■ **DATA TO USE**:

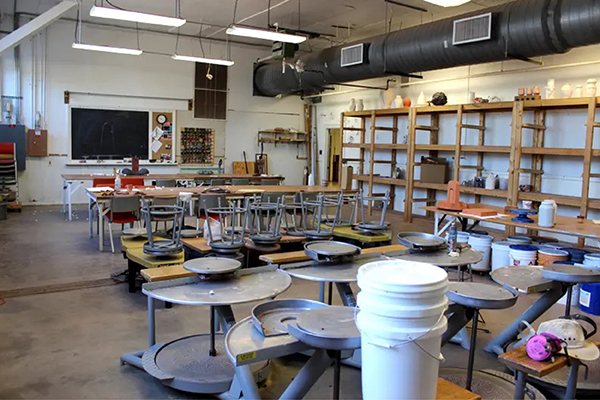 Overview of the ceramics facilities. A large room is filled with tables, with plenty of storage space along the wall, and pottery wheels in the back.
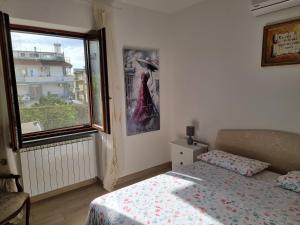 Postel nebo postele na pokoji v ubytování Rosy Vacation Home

...

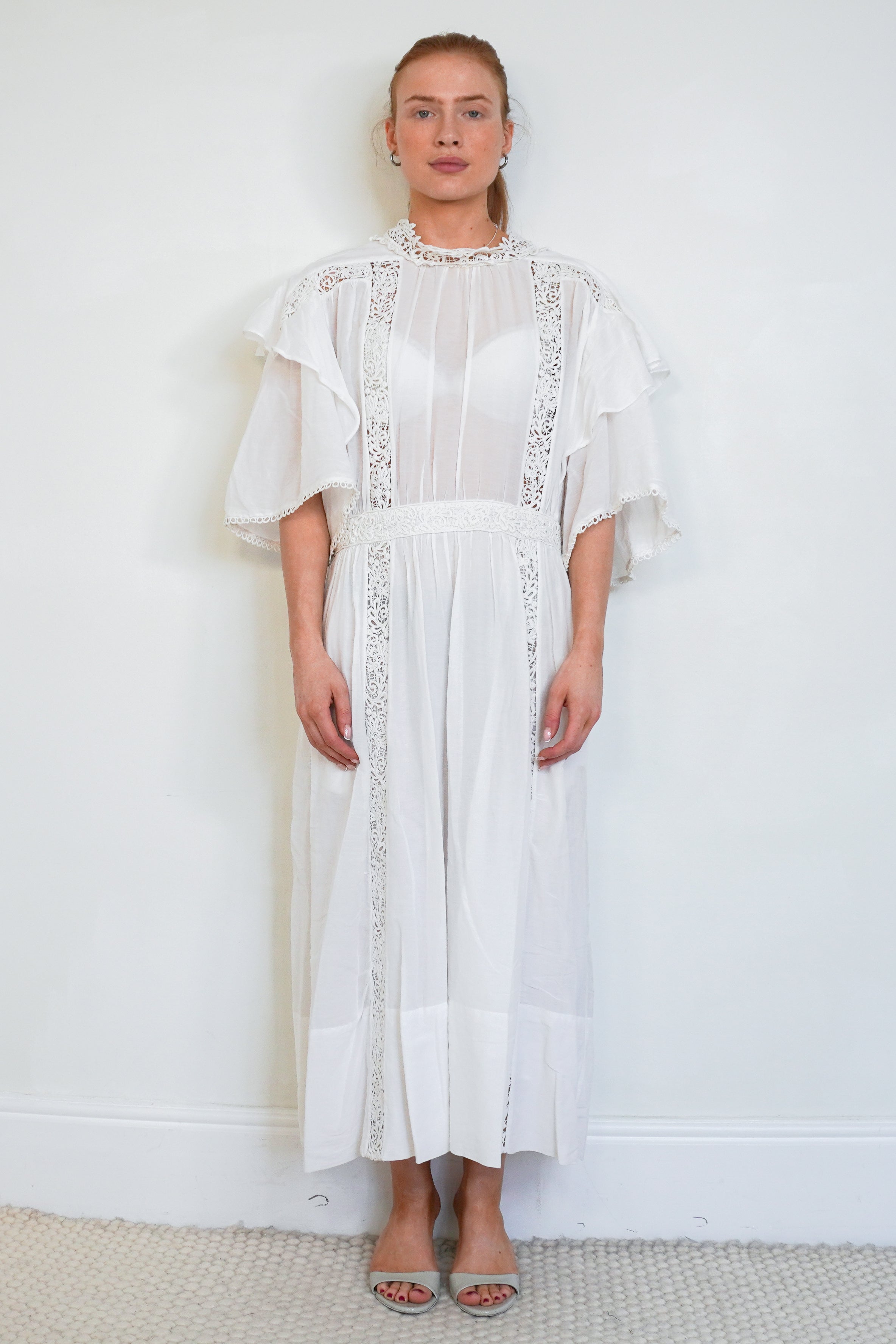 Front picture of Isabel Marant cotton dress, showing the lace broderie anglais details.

■ **AIM OF THE EXERCISE**: Word for word, write out the lines above running from the one with "Overview of the" up to and including the one with "Postel nebo postele". Drop any picture.

■ **FINISHED EXERCISE**:
 Overview of the ceramics facilities. A large room is filled with tables, with plenty of storage space along the wall, and pottery wheels in the back.
 Postel nebo postele na pokoji v ubytování Rosy Vacation Home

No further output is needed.